Parsing through the thousands of drugs for repurposing candidates can be difficult without knowing all the available options.

Commercialization Landscape

Drug repurposing faces an intellectual property barrier. Repurposing is most accessible with generic drugs that don’t have patents restricting their use for other conditions. But there is less opportunity for profit with generics than with new drugs.

Patents allow drug suppliers to have a monopoly over sales for a span of time. Repurposed drugs are typically granted “use patents” that protect the use of an existing drug for a new particular disease. But companies consider this type of protection less valuable than a “composition of matter” patent that restricts drug sales just to patent owners. An FDA analysis found a drug with two drug suppliers resulted in an average 39% price reduction, and six or more suppliers resulted in a 95% reduction. With less patent protection on a drug, more competitors can enter the market and manufacturers make less money.

Because of this perceived lack of commercial potential, drug repurposing is typically left to academic institutions that don’t have the resources to get either new or retooled drugs through the costly approval process.

It’s possible that if fluvoxamine were a new drug in development with patent protection within a Big Pharma company, it might have already gained FDA approval to treat COVID-19. But as it stands, fluvoxamine is a widely available generic that any doctor can prescribe “off-label” to treat conditions that have not been approved by the FDA, like COVID-19.

This leads to a tragedy of the commons whereby no company will invest in the clinical trials needed to bring a repurposed drug to the marketplace because the resulting benefits would be immediately shared with all competitors.

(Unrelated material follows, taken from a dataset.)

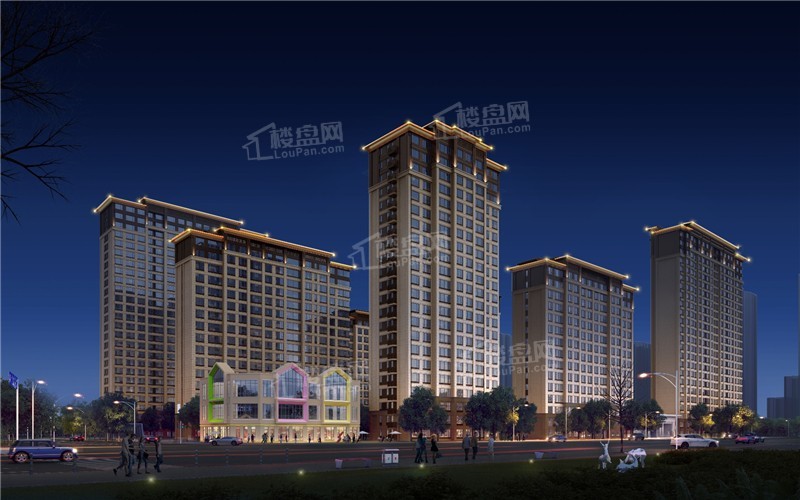 产权年限是多久?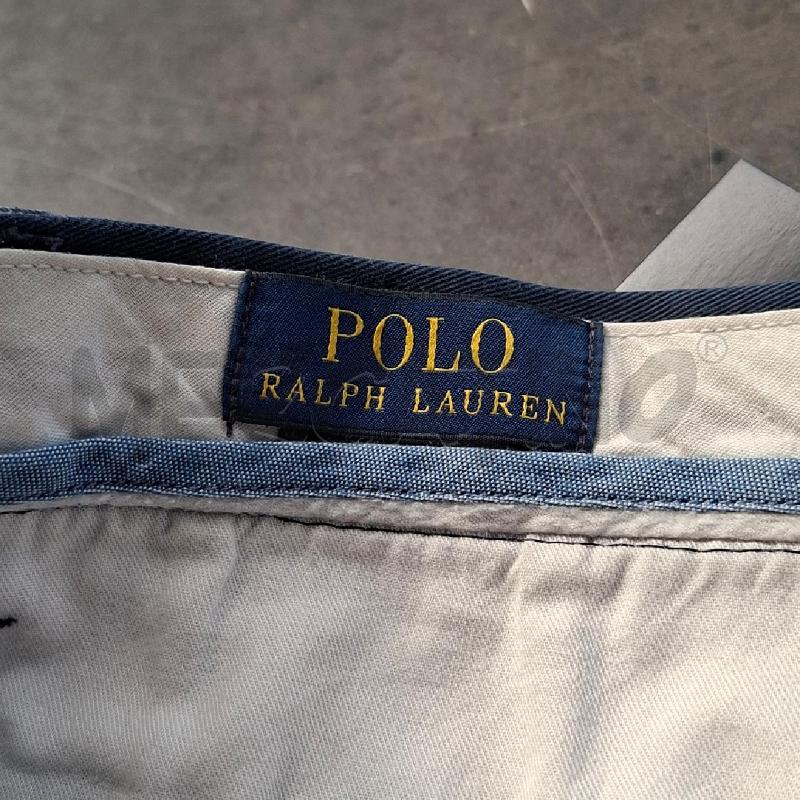 BERMUDA UOMO RALPH LAUREN BLU BANDIERE TG M | Mercatino dell'Usato Arcore 2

Bringing a new drug to market is a lengthy and costly process with a high failure rate. When the pharmaceutical industry can’t justify developing a new drug because of a low return on investment, drug repurposing can fill the gap. Federal support could make repurposing more appealing from a business standpoint, giving companies the incentive to enter the marketplace and boost this cost-effective way to address unmet medical needs.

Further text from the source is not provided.